The records that follow are to be repeated exactly, with the pictures removed.

(Records contained in a dataset)
*** Block opens ***

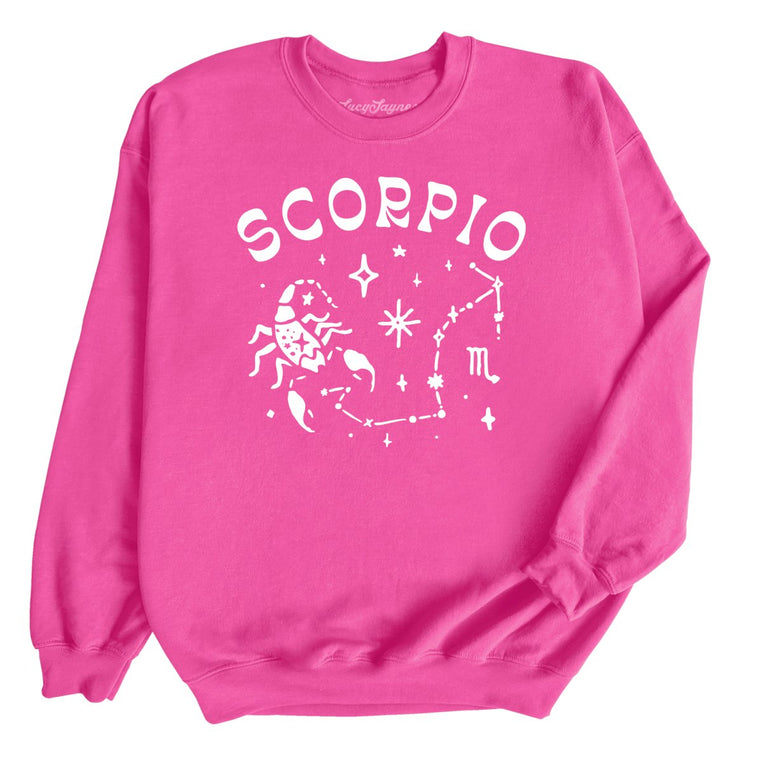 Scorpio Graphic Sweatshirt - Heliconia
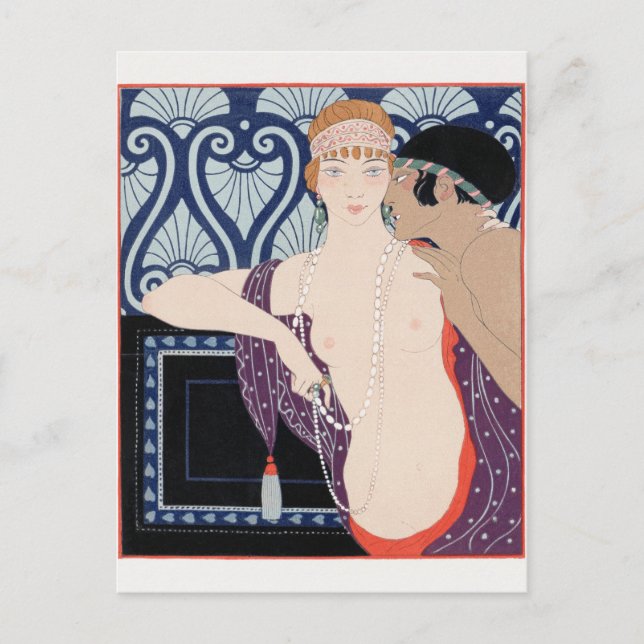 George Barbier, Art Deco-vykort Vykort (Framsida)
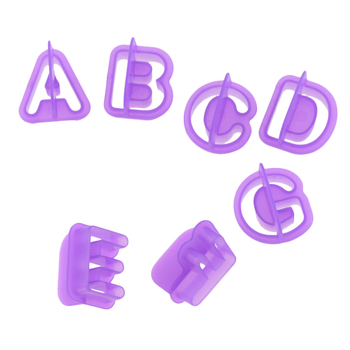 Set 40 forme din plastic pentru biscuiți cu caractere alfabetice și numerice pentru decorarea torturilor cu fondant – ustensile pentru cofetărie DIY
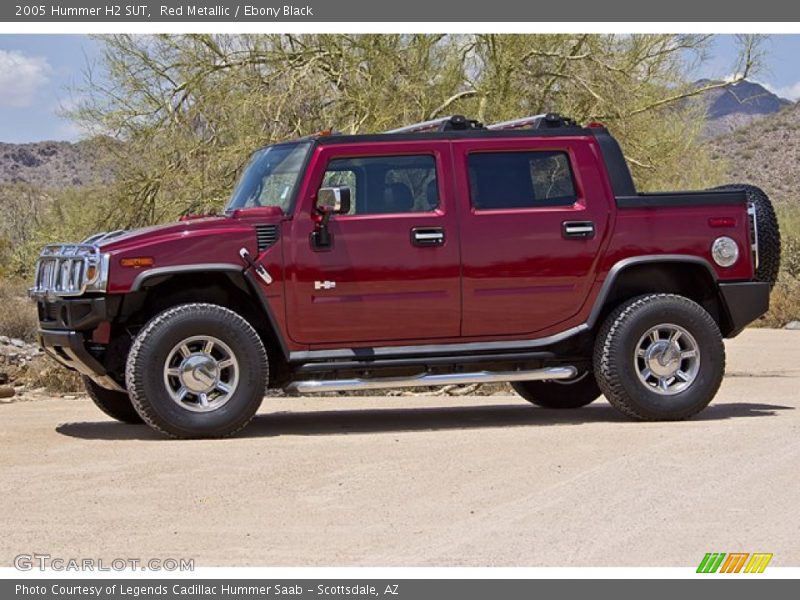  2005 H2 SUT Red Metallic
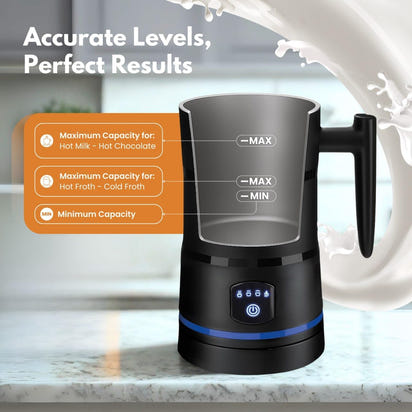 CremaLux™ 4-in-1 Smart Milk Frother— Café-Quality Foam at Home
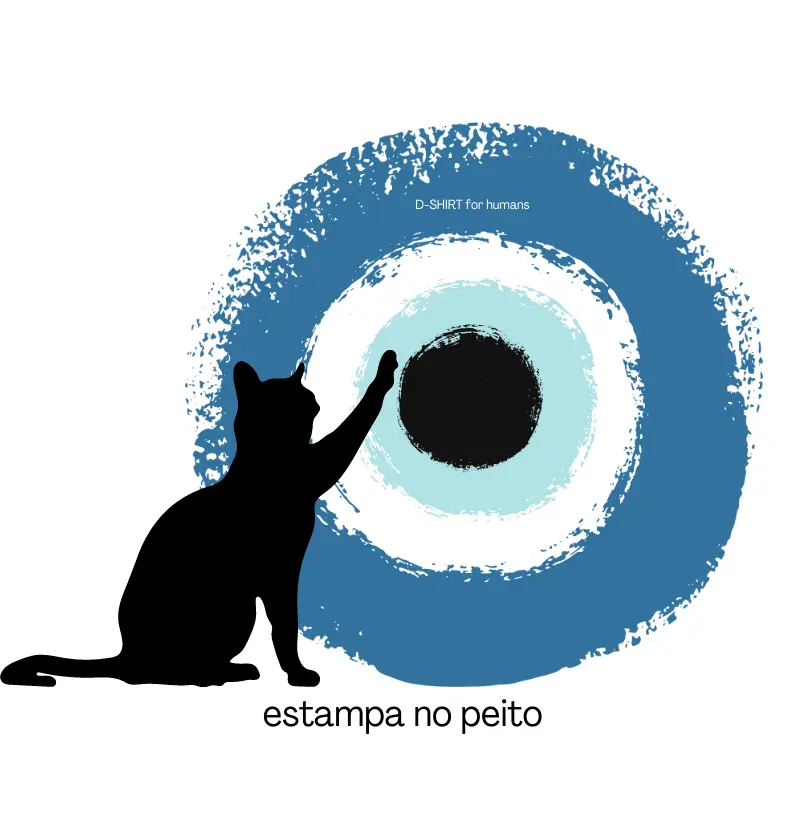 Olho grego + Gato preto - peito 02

*** Block closes ***

ANSWER TO THIS PROBLEM ->
 Scorpio Graphic Sweatshirt - Heliconia
 George Barbier, Art Deco-vykort Vykort (Framsida)
 Set 40 forme din plastic pentru biscuiți cu caractere alfabetice și numerice pentru decorarea torturilor cu fondant – ustensile pentru cofetărie DIY
  2005 H2 SUT Red Metallic
 CremaLux™ 4-in-1 Smart Milk Frother— Café-Quality Foam at Home
 Olho grego + Gato preto - peito 02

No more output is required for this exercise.